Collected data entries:
_____
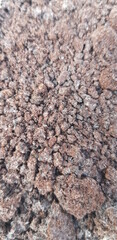Closeup of rotten coffee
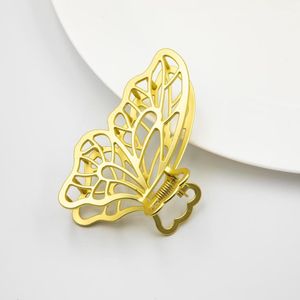 خرید اینترنتی قیمت کلیپس فلزی بال پروانه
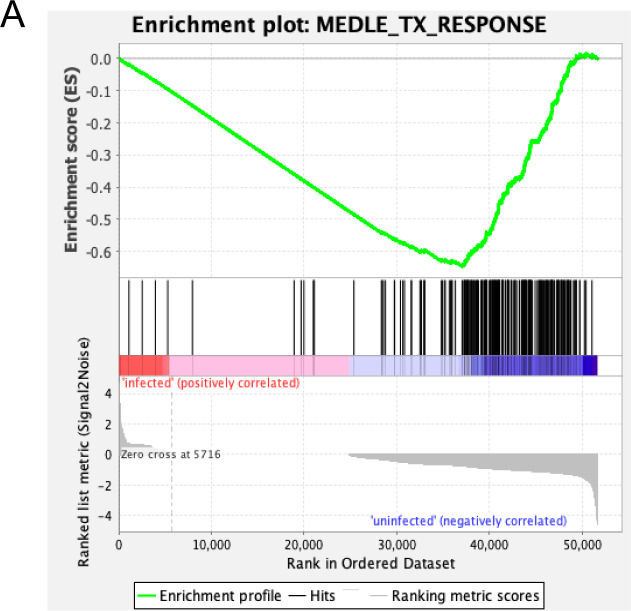 Figure 6—figure supplement 1.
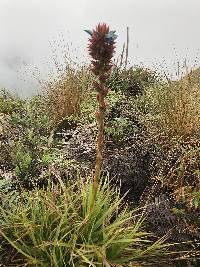 Puya eryngioides image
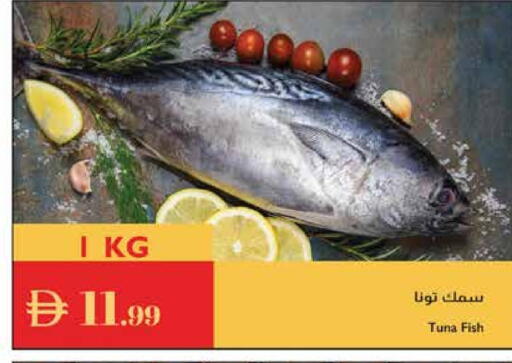 Tuna available at Istanbul Supermarket in UAE - Dubai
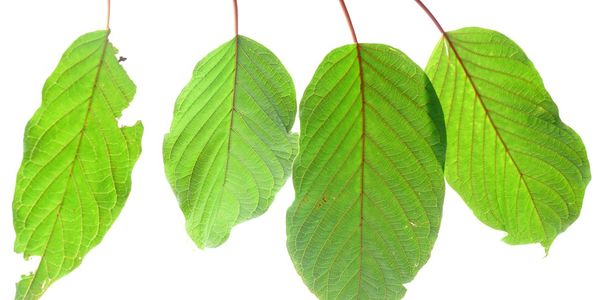 Close-up of leaves against white background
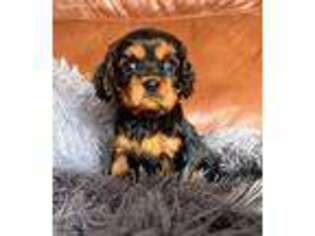 Cavalier King Charles Spaniel Puppy for sale in Cadillac, MI, USA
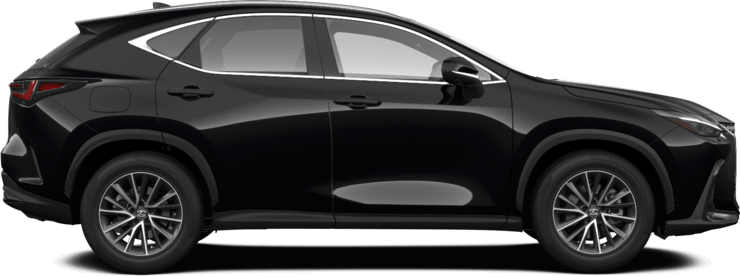 NX - Executive - SUV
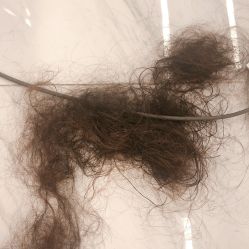 -潘多拉Hairsalon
_____
What you need to copy is the run of lines from the one holding "Cavalier King Charles" through the end of the data, exactly and only, both ends included, pictures omitted.

* **Written reply**:
 Cavalier King Charles Spaniel Puppy for sale in Cadillac, MI, USA
 NX - Executive - SUV
 -潘多拉Hairsalon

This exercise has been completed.